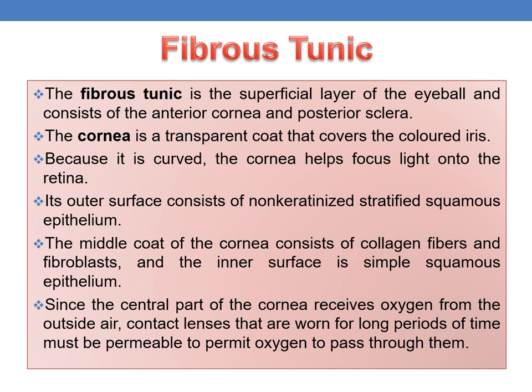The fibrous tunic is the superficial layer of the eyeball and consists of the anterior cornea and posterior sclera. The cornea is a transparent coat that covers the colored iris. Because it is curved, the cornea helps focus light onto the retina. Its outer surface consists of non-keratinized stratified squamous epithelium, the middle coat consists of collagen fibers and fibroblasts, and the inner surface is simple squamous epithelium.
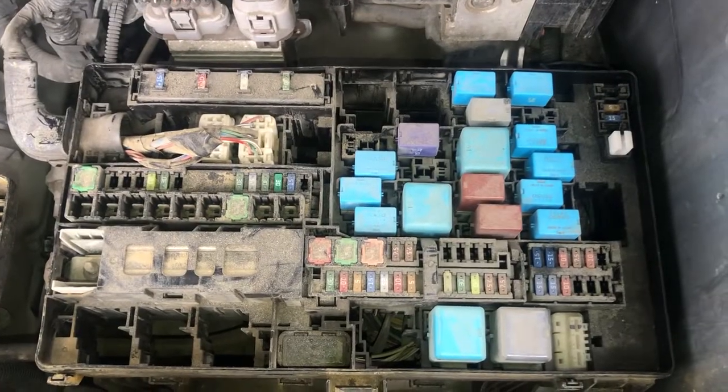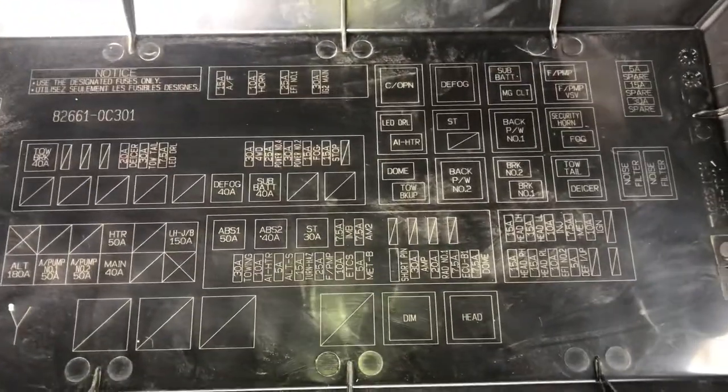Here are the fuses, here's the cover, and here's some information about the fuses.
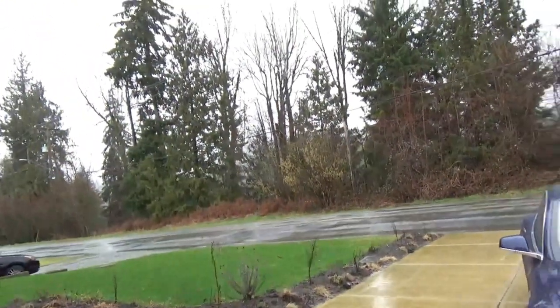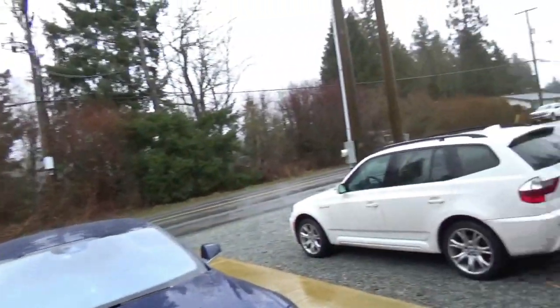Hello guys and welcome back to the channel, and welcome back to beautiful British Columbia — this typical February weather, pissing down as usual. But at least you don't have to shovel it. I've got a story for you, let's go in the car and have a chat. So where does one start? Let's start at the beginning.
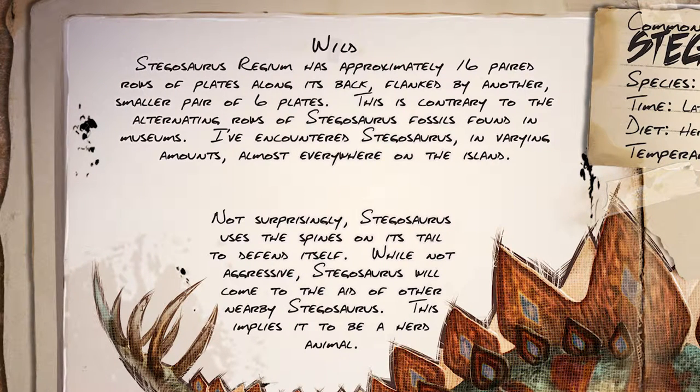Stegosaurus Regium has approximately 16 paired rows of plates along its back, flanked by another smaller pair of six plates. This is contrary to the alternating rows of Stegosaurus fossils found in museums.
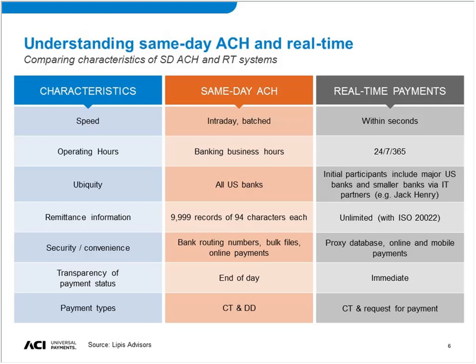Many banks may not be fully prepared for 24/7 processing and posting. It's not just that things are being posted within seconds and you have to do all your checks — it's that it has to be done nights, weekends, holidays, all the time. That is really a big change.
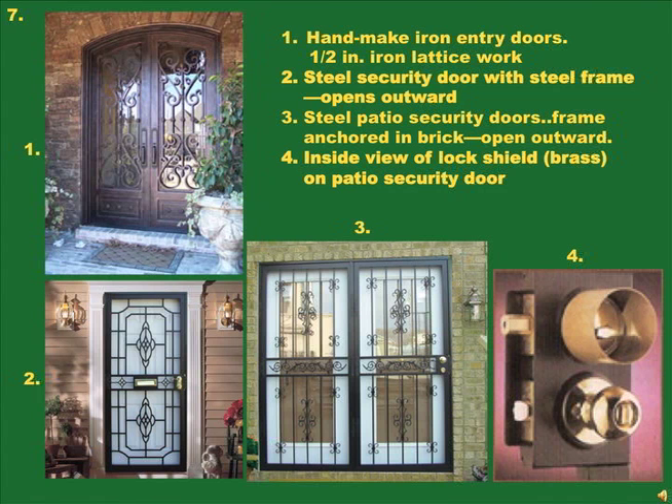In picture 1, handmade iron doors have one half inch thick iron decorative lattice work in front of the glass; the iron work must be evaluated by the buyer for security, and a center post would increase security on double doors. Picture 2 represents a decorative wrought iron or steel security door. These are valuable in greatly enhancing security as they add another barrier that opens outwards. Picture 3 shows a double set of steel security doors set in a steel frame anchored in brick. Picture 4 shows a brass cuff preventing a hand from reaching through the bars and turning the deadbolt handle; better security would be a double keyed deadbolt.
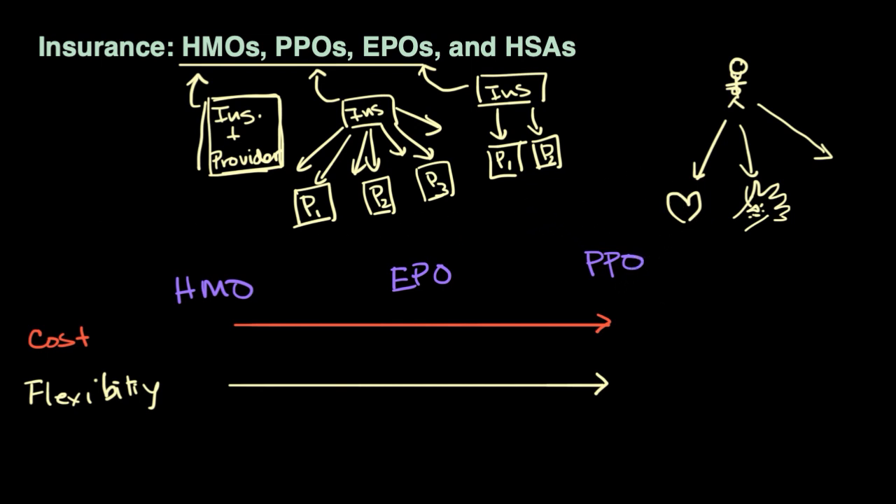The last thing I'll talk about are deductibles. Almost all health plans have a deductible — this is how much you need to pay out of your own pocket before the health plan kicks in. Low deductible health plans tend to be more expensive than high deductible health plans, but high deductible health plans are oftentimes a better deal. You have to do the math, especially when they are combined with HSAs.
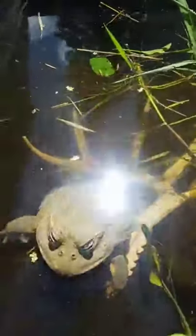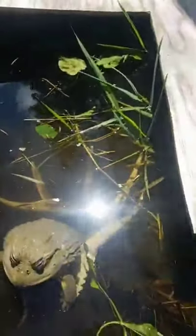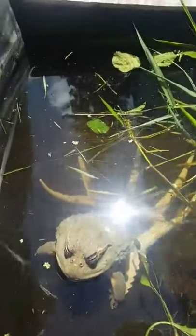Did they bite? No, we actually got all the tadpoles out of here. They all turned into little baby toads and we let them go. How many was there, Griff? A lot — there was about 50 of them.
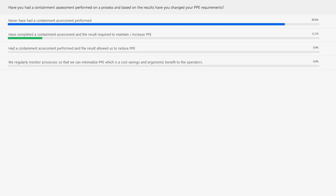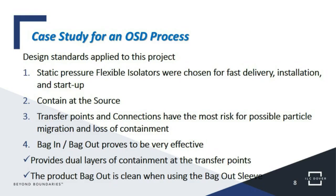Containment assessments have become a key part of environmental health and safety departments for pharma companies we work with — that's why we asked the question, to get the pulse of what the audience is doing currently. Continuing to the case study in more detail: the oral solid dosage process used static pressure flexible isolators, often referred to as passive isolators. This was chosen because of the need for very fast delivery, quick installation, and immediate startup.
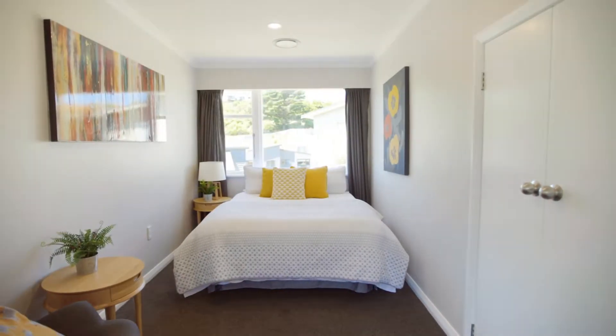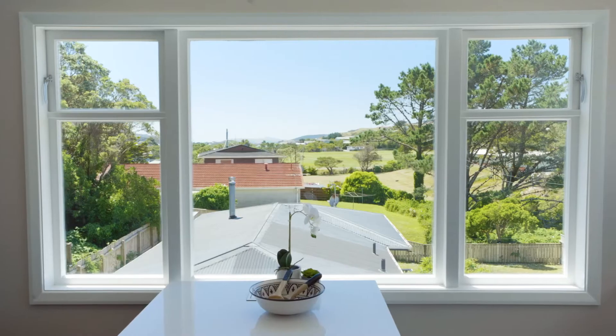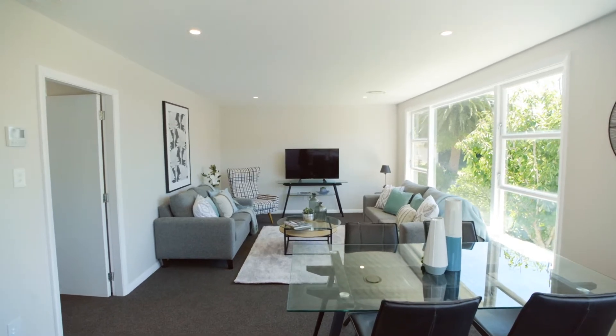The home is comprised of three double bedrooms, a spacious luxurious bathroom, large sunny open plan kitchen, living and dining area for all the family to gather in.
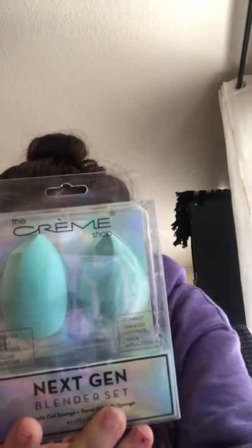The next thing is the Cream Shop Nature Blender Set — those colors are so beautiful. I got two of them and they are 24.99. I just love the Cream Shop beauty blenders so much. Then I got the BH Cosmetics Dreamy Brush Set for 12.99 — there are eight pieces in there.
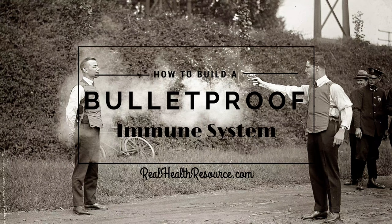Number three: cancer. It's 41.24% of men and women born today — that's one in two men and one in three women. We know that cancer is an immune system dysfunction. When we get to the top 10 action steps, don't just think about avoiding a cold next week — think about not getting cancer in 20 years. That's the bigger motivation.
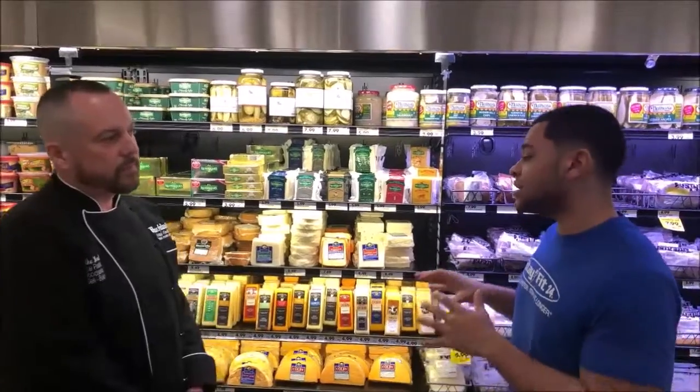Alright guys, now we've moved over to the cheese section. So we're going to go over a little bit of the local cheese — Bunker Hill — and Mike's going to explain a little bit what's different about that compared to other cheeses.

━━━━━━━━━━

## EXERCISE BRIEF
Write out exactly the opening lines of the data, stopping after the line that holds "Many banks may". Exclude pictures.

## RESULT FOR THIS EXERCISE
The fibrous tunic is the superficial layer of the eyeball and consists of the anterior cornea and posterior sclera. The cornea is a transparent coat that covers the colored iris. Because it is curved, the cornea helps focus light onto the retina. Its outer surface consists of non-keratinized stratified squamous epithelium, the middle coat consists of collagen fibers and fibroblasts, and the inner surface is simple squamous epithelium.
Here are the fuses, here's the cover, and here's some information about the fuses.
Hello guys and welcome back to the channel, and welcome back to beautiful British Columbia — this typical February weather, pissing down as usual. But at least you don't have to shovel it. I've got a story for you, let's go in the car and have a chat. So where does one start? Let's start at the beginning.
Stegosaurus Regium has approximately 16 paired rows of plates along its back, flanked by another smaller pair of six plates. This is contrary to the alternating rows of Stegosaurus fossils found in museums.
Many banks may not be fully prepared for 24/7 processing and posting. It's not just that things are being posted within seconds and you have to do all your checks — it's that it has to be done nights, weekends, holidays, all the time. That is really a big change.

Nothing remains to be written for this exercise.